- The Washington Times - Wednesday, January 5, 2022

The United States Postal Service has asked the Occupational Safety and Health Administration for “temporary relief” from the administration’s vaccination mandate for organizations with more than 100 workers.

“The Postal Service’s request for additional time in implementing the [mandate] is directly related to our critical and unique role in American life,” said a Jan. 4 letter to OSHA from Doug A. Tulino, deputy postmaster general and chief human resources officer.

The USPS provided a copy of the letter to The Washington Times.



Mr. Tulino’s letter stated the agency is in the midst of its “Peak Season,” a period running from mid-October through January, a period he called “our busiest and most challenging time of year” and not just because of the holiday packages.

The Postal Service also delivers “critical items like Treasury checks, COVID-19 tests, and pharmaceuticals. Moreover, mail and package delivery enable the American people to spend more time safely at home, rather than frequenting crowded indoor establishments, which is a benefit to public health,” he said.

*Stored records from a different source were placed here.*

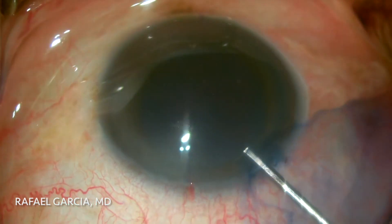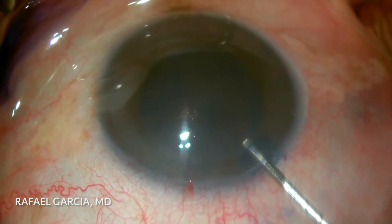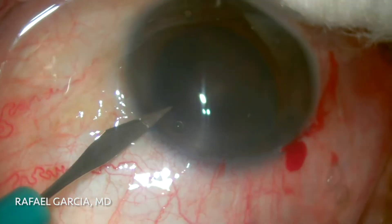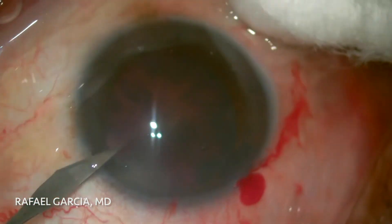In other words, it's an EDOF lens, which stands for Extended Depth of Focus. The Alcon Vivid lens achieves this by changing the waveform of the light entering its central area.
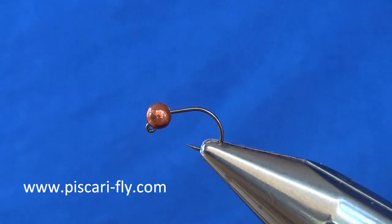This is another great favourite fly of mine. To begin to tie it, I have put in the vise a Claw C240 size 14 jig hook and a 3.5mm dark copper tungsten bead.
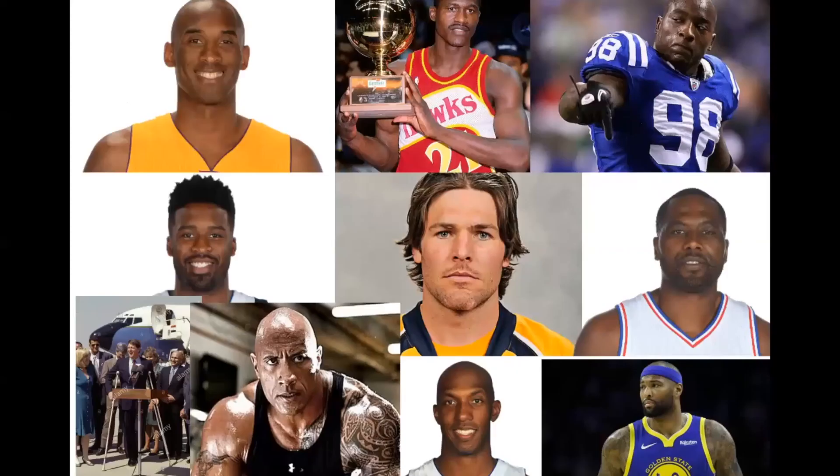I put this slide on here to highlight some of the more famous people who have torn their Achilles. Obviously, upper left, rest in peace, Kobe Bryant — he tore his Achilles and unfortunately never came back to the same level; Kobe Part 2 was never like Kobe Part 1. Interestingly, bottom left corner, Vice President Al Gore also sustained an Achilles rupture, as well as the Rock.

A quasi-governmental corporation established in 1971, the Postal Service employs nearly 650,000 workers in 30,000 locations across the country.

The agency said it lacks adequate staffing to comply with the vaccine mandate’s requirements, particularly in terms of record-keeping and compliance with the eight collective-bargaining agreements the USPS has with various labor unions.

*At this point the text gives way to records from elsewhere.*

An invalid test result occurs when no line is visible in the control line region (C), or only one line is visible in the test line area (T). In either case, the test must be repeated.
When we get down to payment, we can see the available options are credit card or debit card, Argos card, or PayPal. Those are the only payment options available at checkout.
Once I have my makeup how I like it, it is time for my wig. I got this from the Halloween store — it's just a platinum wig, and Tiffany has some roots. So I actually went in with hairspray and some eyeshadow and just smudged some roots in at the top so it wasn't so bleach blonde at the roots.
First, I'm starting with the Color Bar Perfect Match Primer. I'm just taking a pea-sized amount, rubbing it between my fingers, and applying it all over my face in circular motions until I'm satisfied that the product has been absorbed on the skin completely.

“The Postal Service is seeking temporary relief because it wants to ensure that its ability to deliver mail and packages is not hindered amid the current disruptions in the nation’s supply chain,” a USPS statement said.

The agency also asked for “an interim order that would allow the organization to continue using its current COVID-19 mitigation policies and protocols while the temporary relief request is being decided.”

The Nov. 5 Biden administration mandate has been under challenge in federal district courts across the nation, and the Supreme Court is expected to hear arguments on lawsuits seeking to overturn the mandate on Friday, Jan. 7.

On Monday, Judge Reed O’Connor of the District Court for the Northern District of Texas blocked the Defense Department from taking action against Navy SEALs and others seeking religious exemptions from the department’s vaccine mandate.

The Times has contacted two of the USPS’ labor organizations, the American Postal Workers Union, and the National Association of Letter Carriers, for comment on the agency’s exemption request.